Contrary to the Marshal’s Office, which comprises individuals who could be fired by those they were investigating, and despite the recent politicization of the FBI, that agency employs hundreds of individuals with investigative experience that could have been leveraged post-leak.
Today’s news comes as a result of a letter written to Chertoff by Sen. Sheldon Whitehouse and Rep. Hank Johnson, who this afternoon released Chertoff’s response.

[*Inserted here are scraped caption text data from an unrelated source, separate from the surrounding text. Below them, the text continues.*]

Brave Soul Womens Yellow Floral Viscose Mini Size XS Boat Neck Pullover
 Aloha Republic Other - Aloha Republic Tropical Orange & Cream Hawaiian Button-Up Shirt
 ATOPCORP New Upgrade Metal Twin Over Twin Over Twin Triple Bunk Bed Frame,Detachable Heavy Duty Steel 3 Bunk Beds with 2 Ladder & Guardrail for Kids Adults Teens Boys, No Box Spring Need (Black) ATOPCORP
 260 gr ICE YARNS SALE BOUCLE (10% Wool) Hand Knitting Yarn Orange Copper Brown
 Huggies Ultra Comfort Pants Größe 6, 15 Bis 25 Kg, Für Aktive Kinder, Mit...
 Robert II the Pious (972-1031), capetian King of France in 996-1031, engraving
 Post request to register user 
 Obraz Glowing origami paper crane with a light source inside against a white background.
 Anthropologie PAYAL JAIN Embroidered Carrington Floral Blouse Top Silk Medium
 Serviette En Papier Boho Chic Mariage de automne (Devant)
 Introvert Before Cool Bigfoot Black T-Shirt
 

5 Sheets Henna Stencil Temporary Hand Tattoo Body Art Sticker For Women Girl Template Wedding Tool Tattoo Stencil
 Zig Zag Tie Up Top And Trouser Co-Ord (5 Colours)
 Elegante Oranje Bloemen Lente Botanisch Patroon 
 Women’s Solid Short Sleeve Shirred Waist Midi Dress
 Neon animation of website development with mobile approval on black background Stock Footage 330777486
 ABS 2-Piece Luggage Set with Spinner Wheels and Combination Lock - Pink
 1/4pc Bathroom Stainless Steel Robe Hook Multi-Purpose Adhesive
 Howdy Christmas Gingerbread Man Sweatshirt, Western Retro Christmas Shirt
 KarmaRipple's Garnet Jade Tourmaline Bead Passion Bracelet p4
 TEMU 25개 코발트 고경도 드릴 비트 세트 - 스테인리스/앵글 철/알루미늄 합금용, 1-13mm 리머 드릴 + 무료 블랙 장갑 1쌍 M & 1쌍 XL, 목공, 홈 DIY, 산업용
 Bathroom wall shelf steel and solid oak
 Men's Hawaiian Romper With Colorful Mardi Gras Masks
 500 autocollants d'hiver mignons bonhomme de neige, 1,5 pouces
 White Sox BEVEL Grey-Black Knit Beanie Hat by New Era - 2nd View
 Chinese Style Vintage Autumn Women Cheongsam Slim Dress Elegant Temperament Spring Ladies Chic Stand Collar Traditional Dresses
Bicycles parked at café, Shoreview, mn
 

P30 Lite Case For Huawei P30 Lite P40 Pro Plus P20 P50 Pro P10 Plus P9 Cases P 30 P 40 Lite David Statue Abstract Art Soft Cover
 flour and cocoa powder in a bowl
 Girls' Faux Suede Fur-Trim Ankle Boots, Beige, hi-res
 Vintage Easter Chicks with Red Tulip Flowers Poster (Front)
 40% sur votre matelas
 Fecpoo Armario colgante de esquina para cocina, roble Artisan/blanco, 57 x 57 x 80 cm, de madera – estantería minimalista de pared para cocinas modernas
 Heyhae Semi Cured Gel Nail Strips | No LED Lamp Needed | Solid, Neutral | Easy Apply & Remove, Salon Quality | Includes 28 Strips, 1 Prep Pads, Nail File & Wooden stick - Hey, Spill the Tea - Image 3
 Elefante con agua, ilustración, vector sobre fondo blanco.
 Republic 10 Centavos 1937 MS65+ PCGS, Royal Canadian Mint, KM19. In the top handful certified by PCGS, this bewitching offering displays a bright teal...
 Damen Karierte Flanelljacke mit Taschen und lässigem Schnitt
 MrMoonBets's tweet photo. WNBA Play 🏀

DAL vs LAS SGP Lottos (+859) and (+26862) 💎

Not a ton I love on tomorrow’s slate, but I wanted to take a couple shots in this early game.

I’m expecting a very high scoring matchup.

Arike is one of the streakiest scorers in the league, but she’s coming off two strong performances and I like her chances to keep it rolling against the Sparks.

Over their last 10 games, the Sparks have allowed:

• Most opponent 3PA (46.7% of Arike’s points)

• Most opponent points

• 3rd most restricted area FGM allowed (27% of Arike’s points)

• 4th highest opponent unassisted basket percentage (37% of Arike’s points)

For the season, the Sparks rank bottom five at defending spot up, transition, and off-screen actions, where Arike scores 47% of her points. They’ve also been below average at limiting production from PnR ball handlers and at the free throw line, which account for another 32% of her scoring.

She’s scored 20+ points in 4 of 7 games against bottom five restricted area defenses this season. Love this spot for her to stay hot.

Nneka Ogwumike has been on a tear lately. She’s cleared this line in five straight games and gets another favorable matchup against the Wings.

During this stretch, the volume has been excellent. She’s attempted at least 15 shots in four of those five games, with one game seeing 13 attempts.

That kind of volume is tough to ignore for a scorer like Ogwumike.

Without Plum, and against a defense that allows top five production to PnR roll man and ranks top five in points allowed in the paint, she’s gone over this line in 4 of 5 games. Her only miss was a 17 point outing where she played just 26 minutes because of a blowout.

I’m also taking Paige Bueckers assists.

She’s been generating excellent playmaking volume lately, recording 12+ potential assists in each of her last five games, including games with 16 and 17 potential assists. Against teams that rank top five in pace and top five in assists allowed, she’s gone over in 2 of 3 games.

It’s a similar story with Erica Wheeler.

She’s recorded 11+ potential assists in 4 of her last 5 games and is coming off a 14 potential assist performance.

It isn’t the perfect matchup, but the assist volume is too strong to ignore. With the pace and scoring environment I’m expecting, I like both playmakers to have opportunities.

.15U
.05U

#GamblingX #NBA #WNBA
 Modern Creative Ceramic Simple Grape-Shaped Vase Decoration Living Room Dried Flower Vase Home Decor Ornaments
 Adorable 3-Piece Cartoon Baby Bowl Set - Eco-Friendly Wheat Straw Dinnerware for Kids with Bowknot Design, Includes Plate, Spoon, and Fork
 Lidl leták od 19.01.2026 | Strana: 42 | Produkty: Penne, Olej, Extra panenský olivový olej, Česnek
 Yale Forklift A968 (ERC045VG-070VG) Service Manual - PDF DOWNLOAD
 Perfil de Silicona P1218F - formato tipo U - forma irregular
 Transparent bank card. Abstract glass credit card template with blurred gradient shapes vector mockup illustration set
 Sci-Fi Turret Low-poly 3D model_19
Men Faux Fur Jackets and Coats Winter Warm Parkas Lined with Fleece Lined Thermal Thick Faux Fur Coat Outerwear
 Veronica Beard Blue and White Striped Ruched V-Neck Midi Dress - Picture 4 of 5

FTC appreciates the lawmakers, as well as CNN, which first broke the news of the Chertoff contract, for staying on this story.
Back to the budget:
As part of the Court’s proposed 16 percent increase in discretionary spending, the justices requested an additional $10 million (nos. 12 and 13, p. 18) for security funding, which may be necessary, given increased threats, but taxpayers also deserve to know where all of the Court’s public money is being spent, and that scant information on such accounting has been released is typical SCOTUS opacity.
In fact, the request does not say how much taxpayer money the Court is currently spending on its security and how many security personnel it currently employs. It was reported a few years back that there are roughly 190 positions in the Supreme Court Police Department, and it’s not known what percentage of the roughly $750 million (p. 528) the U.S. Marshals Service receives to protect judicial officers goes toward protecting the justices.
Justices could answer those questions and speak to a new program lawmakers authorized last year, where the Court may now enroll SCPD deputies in the same student loan reimbursement program that’s available to Capitol Police. Sources had told FTC that that omission had been cited as a detriment for SCPD recruiting over the years.
FTC reached this week to multiple House and Senate Appropriations staff to request public hearings with the justices but has not heard back from them.